Um universitário
Um universitário
Jocenir Barbat Mutti
Nov/07
Meus filhos estão formados e com suas vidas bem encaminhadas. Constato com satisfação que a qualidade de vida que eles tiveram para cursar o terceiro grau foi bem superior à que eu tive. Quando saí do interior para estudar na capital, experimentei algumas dificuldades. Mas na época nunca reclamei! O curso que eu estava iniciando na UFRGS, Engenharia, era de longe o de maior índice de reprovação. A dedicação exclusiva aos estudos, principalmente nos dois primeiros anos, foi uma condição sine qua non. Minha mesada era pequena, mas a garra e energia que eu tinha demovia montanhas.
Eu e meu primo alugamos um cubículo no décimo andar de um edifício fininho perto da Escola, o “treme-treme”. O sol naquele quarto só poderia entrar se refletido num espelho que fosse devidamente posicionado no edifício da frente. No primeiro dia em que ali dormimos me acordei de manhã cedo acreditando estar no meio de um terremoto. A cama do meu primo que ainda dormia começou a se movimentar na minha direção. Tudo isto, somente porque um simples bonde estava passando lá em baixo. O edifício fez jus a seu nome...
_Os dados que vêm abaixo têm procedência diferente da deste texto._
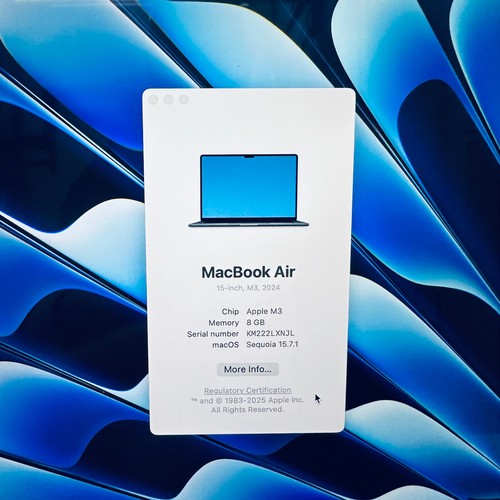 Genuine MacBook Air 15" A3114 2024 Logic Board M3 8-CPU 10-GPU 8-GB 256GB + T ID - Picture 3 of 8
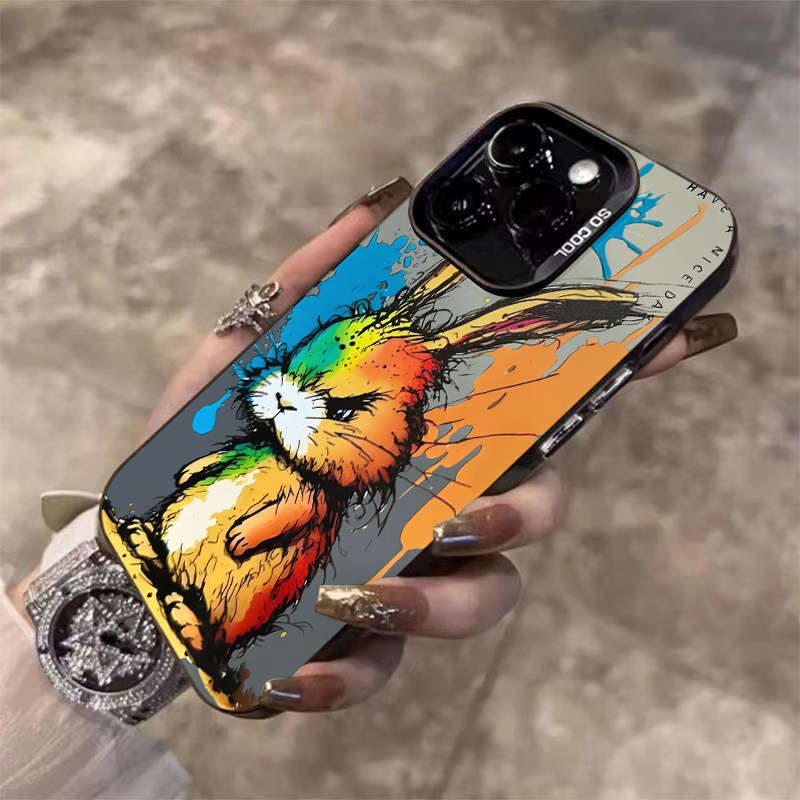 1Pc Mixed Color For iPhone 15 Pro Funny Rabbit Print Phone Case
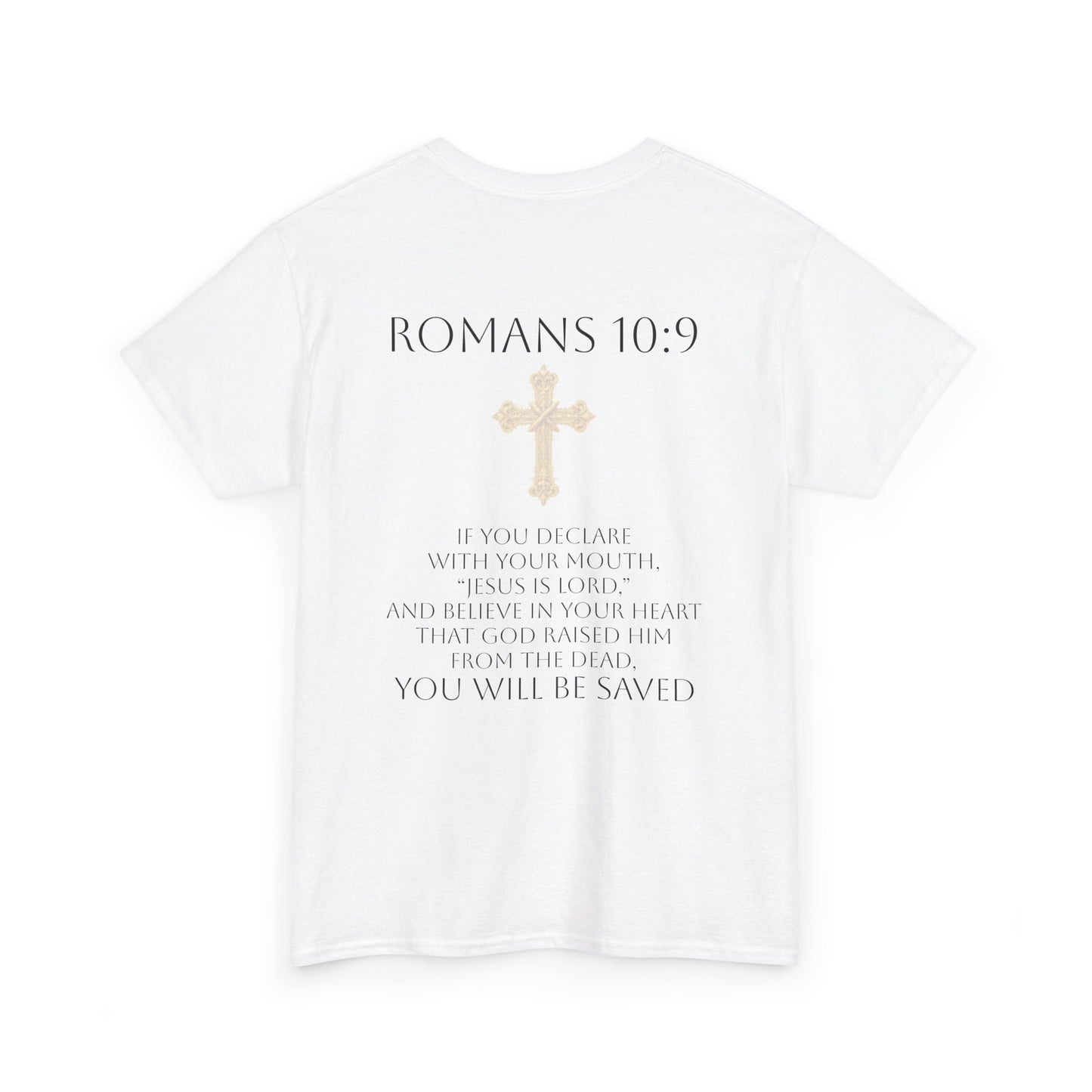 Confess. Believe. Be Saved. – Men’s Jesus Is Lord Tee (Romans 10:9) (White Lettering)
Fui o único entre os cem alunos do primeiro ano que conseguiu passar por média. Quando retornei nas férias à minha cidade natal, constatei que estava com princípio de pneumonia.
No restaurante universitário, o RU, o cardápio era servido numa bandeja de aço inoxidável de segunda a domingo: feijão aguado, arroz “juntos venceremos”, carne cozida salgada e uma salada de tomate com alface que parecia um papel molhado. Até hoje me lembro do ruído metálico daquele ambiente; uma pessoa desavisada que ali na frente passasse, iria imaginar que se tratava de um ensaio de escola de samba, guris batendo na lataria. Azia, gastrite e dor de cabeça eram constantes, normais, mesmo assim eu não estava nem aí, muito pelo contrário. Era um universitário feliz.
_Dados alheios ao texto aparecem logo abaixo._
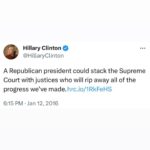 Hillary Clinton Instagram - The Supreme Court's recent rulings were sadly predictable for anyone who understands the hard-right agenda. Their goal has always been to install Justices whose job is to turn back the clock on our freedoms, on decades of constitutional decisions, and on our continuing struggle to “form a more perfect union” that includes all of us.⁣ ⁣ Let's vote out their political enablers and rein in the dark, subversive money that supports them in their quest to reverse a century of progress.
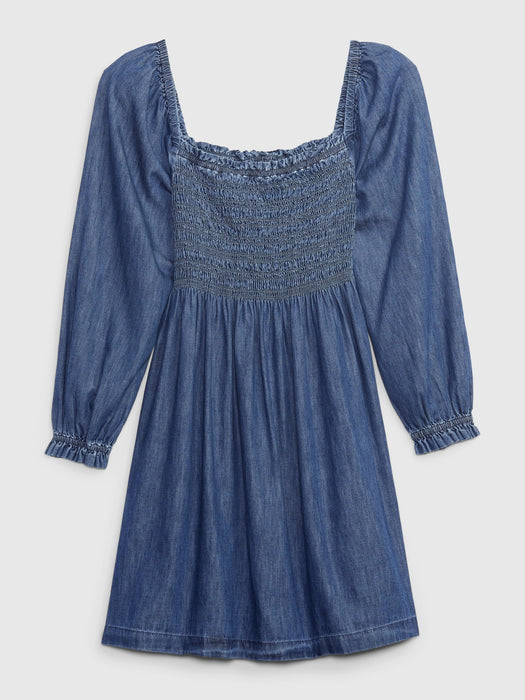 Denim Puff Mini Dress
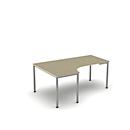 Table de forme libre NEVADA, L 1800 x P 1200/800 x H 740 mm, ronde, décor érable/argent alu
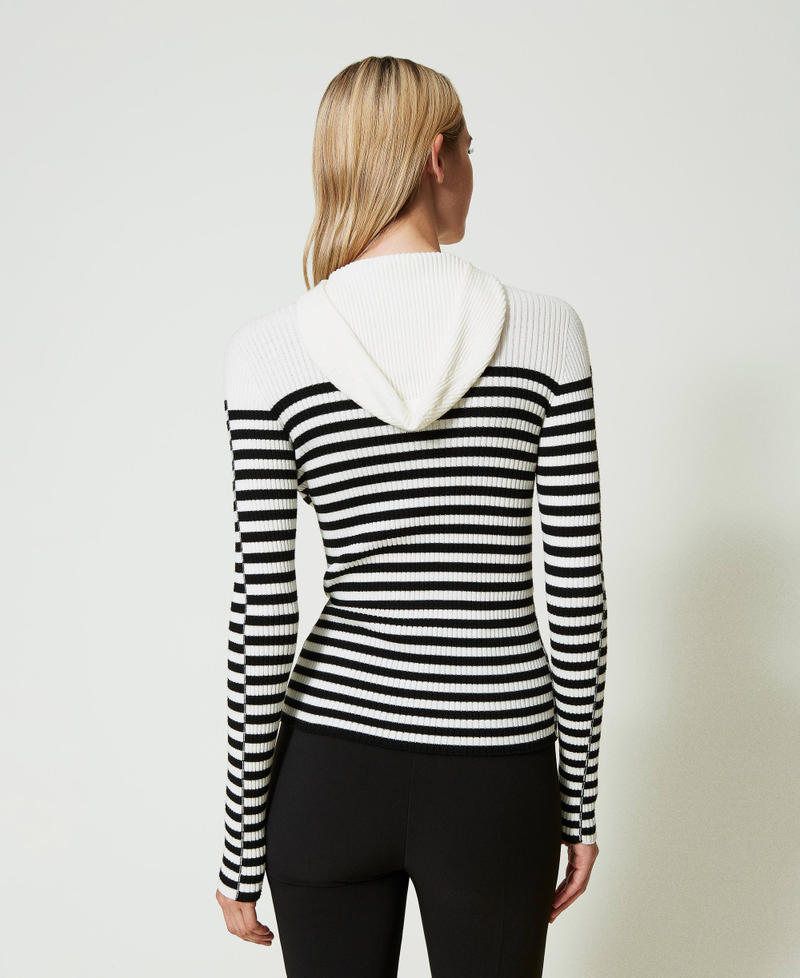 Fitted striped jumper Two-tone Black / Snow White Woman 242TF3011_12063_03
Nos mudamos do treme-treme e começamos a perambular pelas casas das tias; mais tarde, junto com mais três estudantes conterrâneos, alugamos uma república.
Prontifiquei-me a atuar no centro acadêmico, objetivando conseguir estágios nas fábricas cadastradas. Numa dessas visitas, lá estava eu, tentando vender meu peixe para o dono de uma fábrica. O enorme alemão, fumando um charuto, sem titubear me respondeu:
- Eu preciso sim de um desenhista, mas quero contratar o senhor, que está aí batalhando para os outros.
O homem me surpreendeu. Eu não esperava mesmo aquela proposta. No outro dia, já estava lá, trabalhando a mil.
Pronto, agora eu já era um homem com um salário de cinqüenta centavos a hora. Não demorou muito o aumento para setenta e cinco. No final da semana vinha o pagamento dentro de um envelope daqueles de cartas aéreas, cheio de notas pequenas. Como era bom! Era dinheiro do meu suor. Meu primeiro salário!
Nessas alturas eu, com vinte anos, magrão, cheio de gás para dar e vender, trabalhando de dia, estudando de noite! E ainda arrumava tempo para os torneios de xadrez da universidade, jogo aprendido com meu pai, campeão lá na nossa cidade.
Minhas notas caíram, pois me acordava muito cedo e tinha que pegar dois ônibus para chegar à fábrica, no bairro Navegantes. Ia até o centro da cidade, onde eu fazia meu desjejum, sempre no mesmo bar. A primeira vez que lá cheguei, pedi discretamente para o atendente um bolo tipo Lavoisier e um grande copo d’água. O homem, acostumado com o cardápio da casa, gritou:
- Um canhão e meio Guaíba para o rapaz aqui!
Apontou com o dedo polegar na minha direção. Baixei a cabeça, fiquei vermelho, me senti nu num palco lotado. Refeito do golpe, entendi que aquele bolo lembrava uma bala de canhão e o copo era tão grande que parecia assimilar meio Guaíba.
Hoje, dificilmente reclamo de uma comida que é posta na minha mesa. Meus filhos não, qualquer detalhe que não gostem eles torcem o nariz. Mas cada um na sua, todos tem seus motivos!!!